Segment Start: Exercise data

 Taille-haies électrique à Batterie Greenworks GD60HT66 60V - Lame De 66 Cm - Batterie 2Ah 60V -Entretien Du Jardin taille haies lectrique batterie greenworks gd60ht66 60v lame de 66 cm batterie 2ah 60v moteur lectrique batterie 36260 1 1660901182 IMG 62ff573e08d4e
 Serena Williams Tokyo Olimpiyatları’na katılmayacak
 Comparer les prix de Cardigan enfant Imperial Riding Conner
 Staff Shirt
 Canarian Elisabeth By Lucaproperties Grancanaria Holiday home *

Segment End: Exercise data
Segment Start: Exercise data

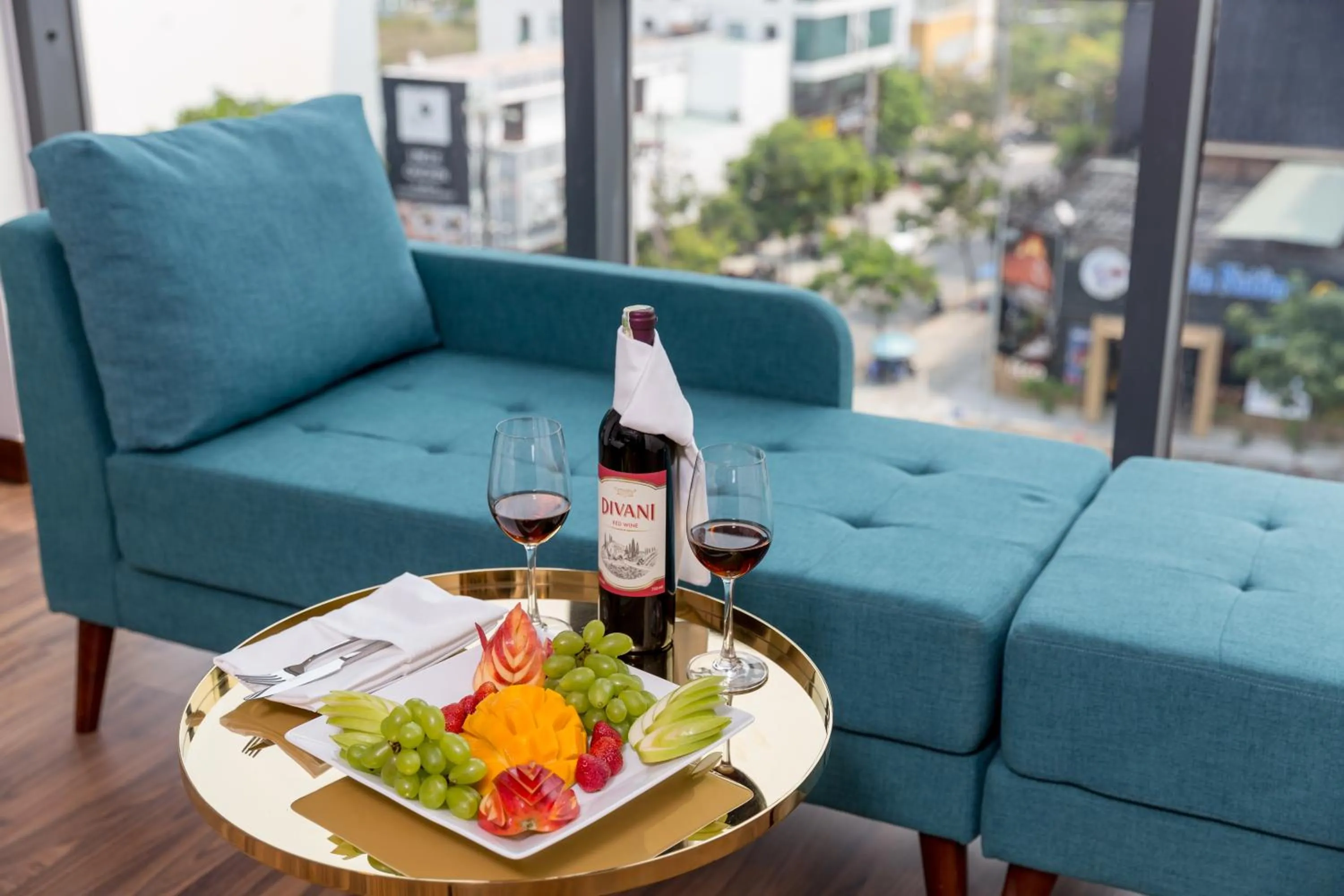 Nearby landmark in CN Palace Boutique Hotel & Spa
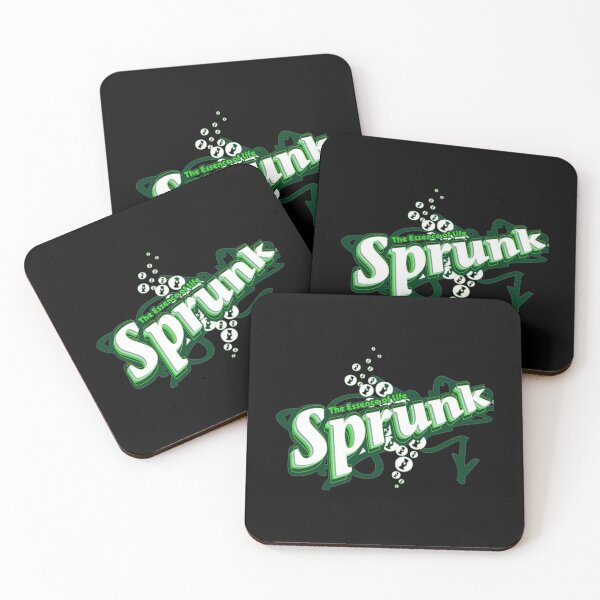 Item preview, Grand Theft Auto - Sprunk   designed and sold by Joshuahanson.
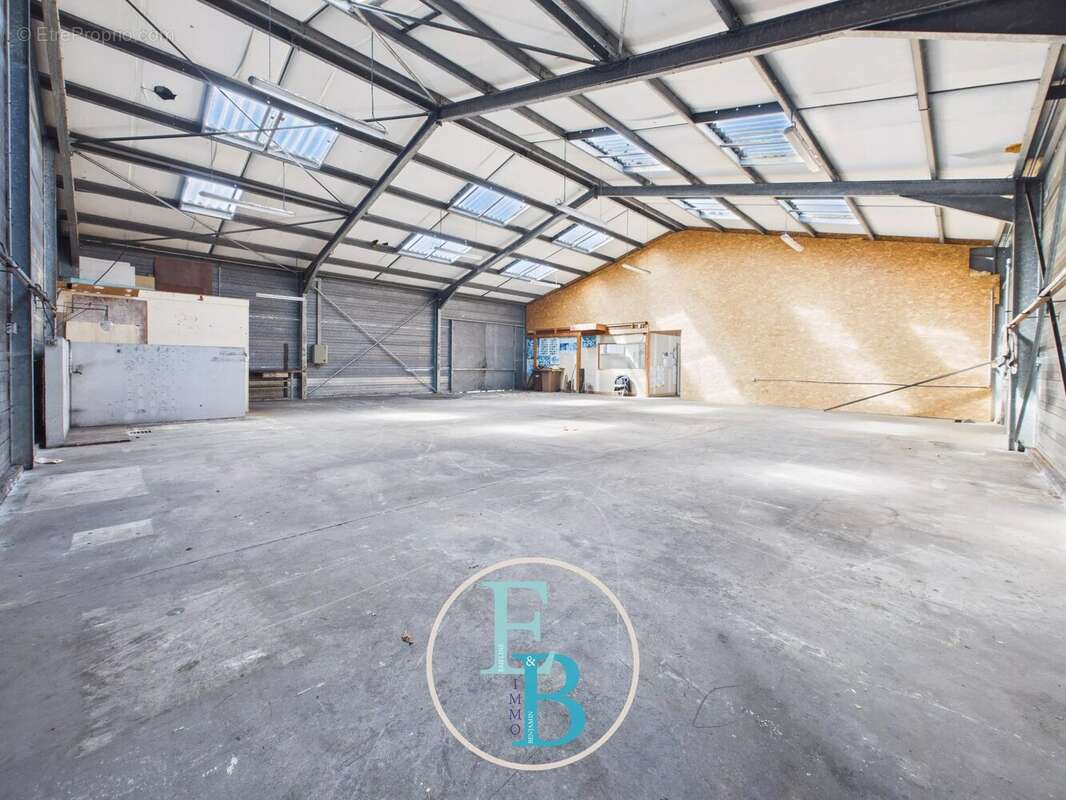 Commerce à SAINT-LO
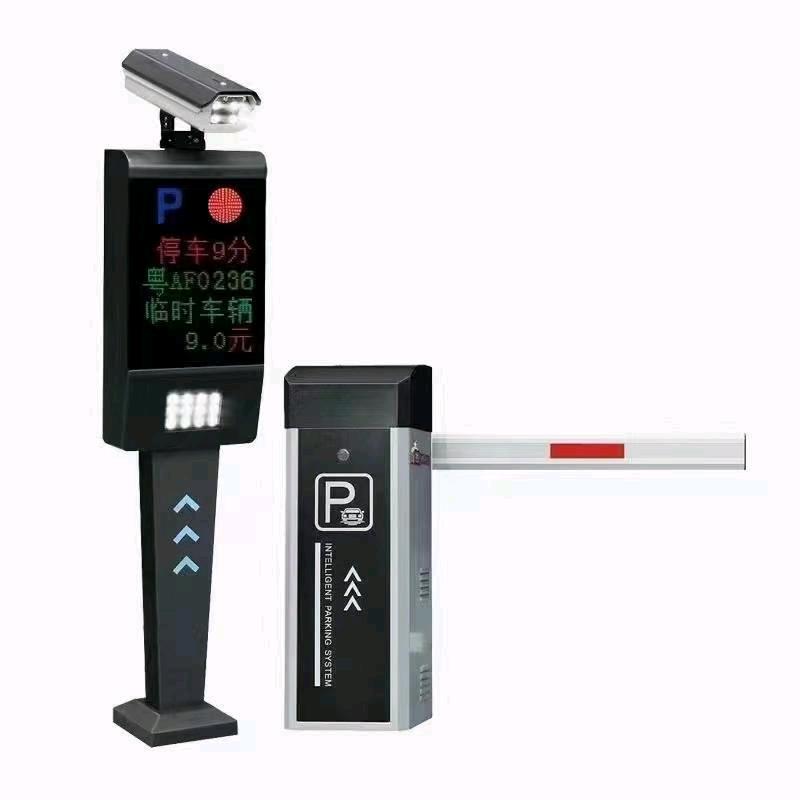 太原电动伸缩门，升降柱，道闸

Segment End: Exercise data

> Task instructions: Copy, exactly and only, the lines above that begin with the one containing "Taille-haies électrique à" and finish with the one containing "Canarian Elisabeth By".

> Answer box:
 Taille-haies électrique à Batterie Greenworks GD60HT66 60V - Lame De 66 Cm - Batterie 2Ah 60V -Entretien Du Jardin taille haies lectrique batterie greenworks gd60ht66 60v lame de 66 cm batterie 2ah 60v moteur lectrique batterie 36260 1 1660901182 IMG 62ff573e08d4e
 Serena Williams Tokyo Olimpiyatları’na katılmayacak
 Comparer les prix de Cardigan enfant Imperial Riding Conner
 Staff Shirt
 Canarian Elisabeth By Lucaproperties Grancanaria Holiday home *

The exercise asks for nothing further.